Thursday, March 24, 2011

When Languages Collide: Learning Swedish and Speaking Swenglish

Learning another language as an adult is never easy – it's frustrating, nonsensical and a bit like discovering a new, dumber, slower side of yourself. Suddenly the person who you've always been is gone, and they've been replaced by someone who has a hard time stringing a simple sentence together.

I want to write a little bit about language on this blog – both non-natives speaking Swedish and Swedes speaking English – so I thought I would start by hanging my self out there before I start making fun of or pointing out other peoples mistakes.

There are 2 memorable 'early speaker' mistakes I've made that I will never forget.

  1. I was watching a friend's kid and took him to a soccer game. At the time I must have been about 22. The kid was 7. One woman, as we were leaving, after several strange looks asked me 'Ar du hans mamma?'
'Nej', I answered proudly 'Jag är hans barnmorska.'

Let me explain: Barnvakt – is the word for babysitter, barnmorska – is the word for midwife.
I was so happy that I had understood the question and answered in Swedish it took me about 1 minute before I realized that my answer made no sense what so ever. By that point I was almost to my car. I'm sure she wondered about that for awhile, too.

    1. A member of my husband's Swedish family called me up after I'd only been in Sweden a year or so and we were chatting in Swedish on the phone for awhile. After about ten minutes he says something that I interpret to be 'Oh and me and my girlfriend got married this weekend at city hall.' Now remember, I don't speak great Swedish after only a year and this is on the phone. Also, we speak to this family member regularly and I am friends with his girlfriend – I should have known they were getting married, so I am super unsure.
'Gratis?' I say – not sure if I have understood this correctly.

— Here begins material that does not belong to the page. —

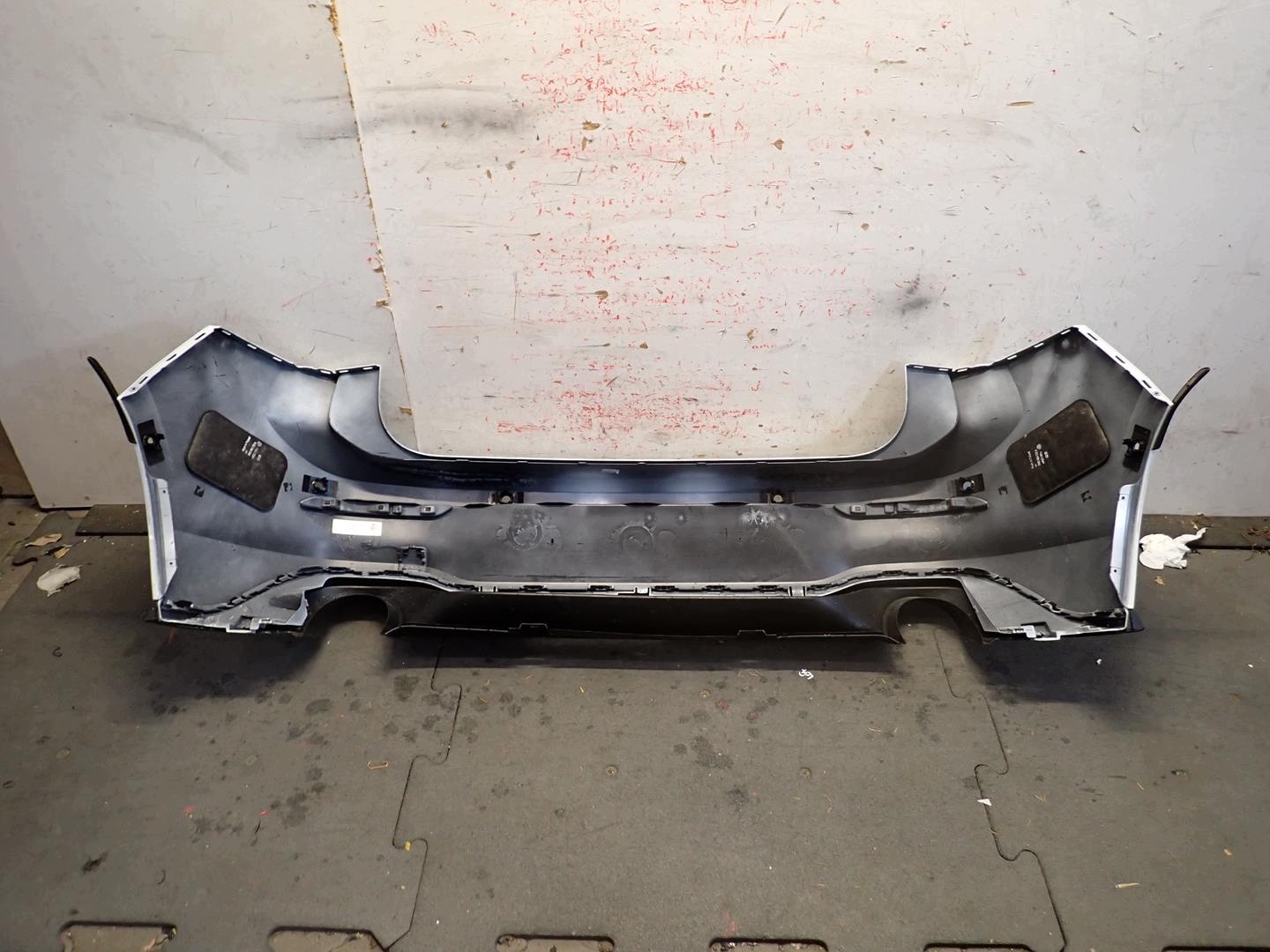 bumper rear part rear VW GOLF VIII HB 2020- 5H6807421G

'No, it wasn't 'gratis' he says, it actually costs money to get married at the town hall and we went out for a really expensive dinner.

Let me explain: One of the things that still stumps me in Swedish is the double consonants. There are two words in Swedish – Gratis (pronounced 'Gratis' meaning free) and Grattis (pronounced grat-tis meaning 'Congratulations). I still screw this one up in various forms – flyta vs flytta etc.

I had to have the Swede call the relative and double check that A) They really had gotten married and B) He wasn't totally insulted

The best thing about both of these mistakes? I remember them clear as day and I learned a lot from them! Making mistakes when learning a language = positive!


  1. Swedish is a difficult language and it is hard to learn a whole new language when you are an adult. Of course mistakes happen. I admire you and everyone else for struggling with a difficult language as Swedish that is also a small language that not many people speak except for the Swedes. I think the first mistake about you saying that you were the boys midwife was really funny. I think we have all made mistakes in our attempts to speak in a new language. Thanks for sharing your mistakes :-)

  2. Svenska är jätte svart. I think...;)

  3. I totally know how you feel...and you've gotta be able to laugh at yourself when you make mistakes, otherwise you'll never get anywhere. Luckily yours were pretty tame compared to my Aussie friend who asked her BOSS if he wanted a "knulle bulle" instead of a "kanel bulle!" ;)

  4. Thanks for this really funny post! :D I love to read "new swedes" perception of swedish.

    But I thought you'd bring up some examples where swedes use weird english too!